(Materials provided begins)

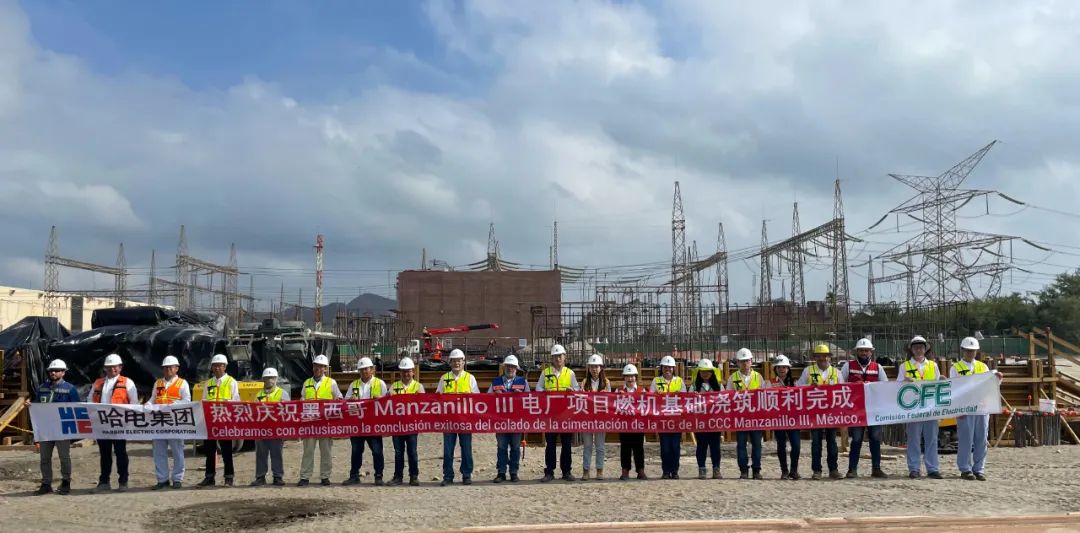 PP电子·模拟器(试玩游戏)官方网站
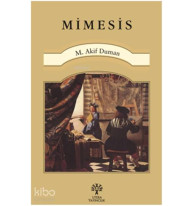 Mimesis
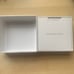 AirPods 3rd gen (read description)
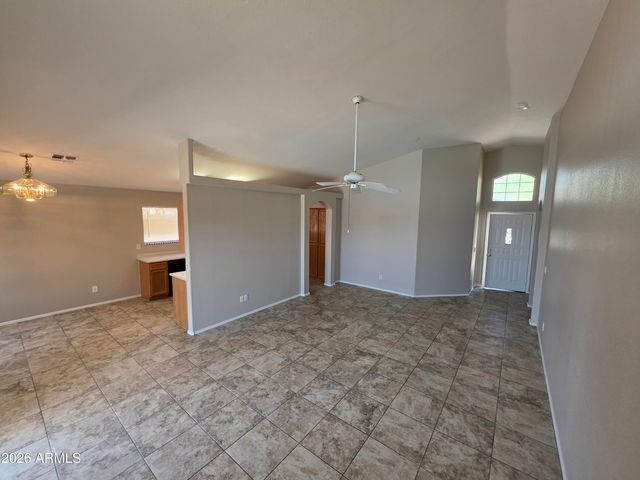 12469 W Granada Road, Avondale, AZ 85392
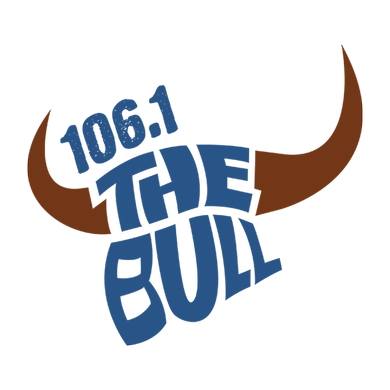 106.1 The Bull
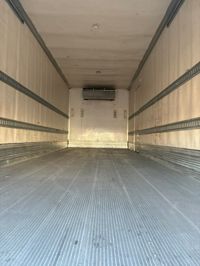 2018 International 4300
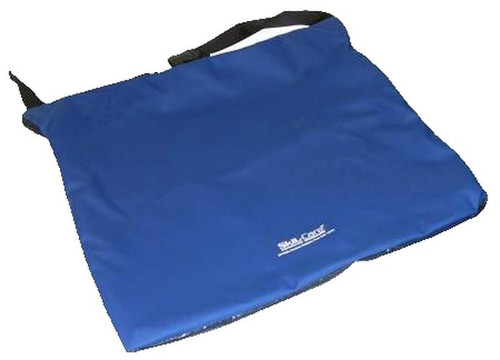 Skil-Care - *99999 - Cushion Cover 2 X 16 18 - Each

(Materials provided ends)

> **What you are asked to do**
Only the lines from the one with "AirPods 3rd gen (read description)" through the final line of the entries above are to be repeated, exactly as written and without pictures.

> **Solution to this problem**
 AirPods 3rd gen (read description)
 12469 W Granada Road, Avondale, AZ 85392
 106.1 The Bull
 2018 International 4300
 Skil-Care - *99999 - Cushion Cover 2 X 16 18 - Each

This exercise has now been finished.